In [1]:
import cv2
import json
import os
import pandas as pd
from torch.utils.data import Dataset, DataLoader
import torch
import re
import random
from PIL import Image
import transformers as T
import math
from utils import *
from models import *

  from .autonotebook import tqdm as notebook_tqdm


In [2]:
# Load the dictionary from the file
with open('Cloth Description.json', 'r') as file:
    cloth_description = json.load(file)

# Pruning Dataset

1. Due to computational and time constraint i will be building a recommnedation system for only **Upper Garments**.
2. For an image i will detect the clothing whether 'Upper Garment' is present or not.
3. If present i will query the description from cloth_description dict and save it along with cropped image.

In [None]:
# Dictionary to store descriptions for upper garments
upper_garment_description = {}

# Ensure the folder 'upper' exists
folder_name = "upper_garment_images"
if not os.path.exists(folder_name):
    os.makedirs(folder_name)

# Iterate through the image keys
img_keys = list(cloth_description.keys())

for img_key in img_keys:
    if 'upper' in cloth_description[img_key].keys():  # Check if the current image has an 'upper' category in the cloth description
        detection = detect_clothing(img_key, model_yolo, labels, upper, lower)

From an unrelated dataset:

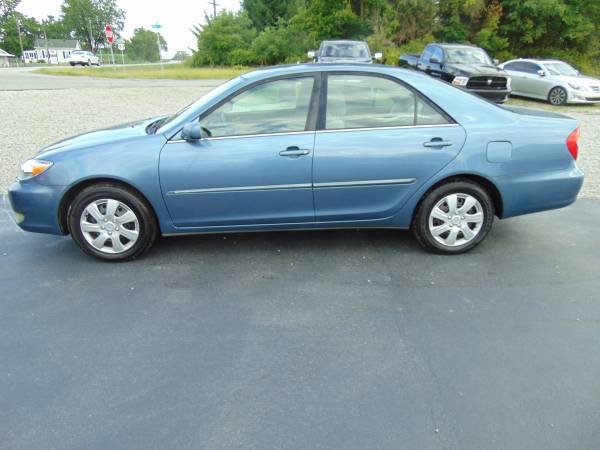 2004 TOYOTA CAMRY XLE - cars & trucks - by dealer - vehicle... for sale in CHURUBUSCO, IN, IN – photo 2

        # Extract the cropped image
        cropped_image = detection[0]['cropped_image']  # Ensure this key exists and contains a valid image
        if cropped_image is not None:  # Check if the cropped image is valid
            # Convert BGR to RGB
            cropped_image_rgb = cv2.cvtColor(cropped_image, cv2.COLOR_BGR2RGB)

            # Extract the base filename from the image key
            base_filename = os.path.basename(img_key)  # e.g., 'image_100.jpg'
            new_filename = f"upper_{base_filename}"   # e.g., 'upper_image_100.jpg'

            # Define the save path
            save_path = os.path.join(folder_name, new_filename)

            # Save the RGB image
            cv2.imwrite(save_path, cropped_image_rgb)

            upper_garment_description[save_path] = cloth_description[img_key]['upper']
            print(f"Saved: {save_path}")


# Save the dictionary to a file
with open("upper_garment_description.json", 'w') as file:
    json.dump(upper_garment_description, file)

In [4]:
# # Load the dictionary from the file
# with open('upper_garment_description.json', 'r') as file:
#     upper_garment_description = json.load(file)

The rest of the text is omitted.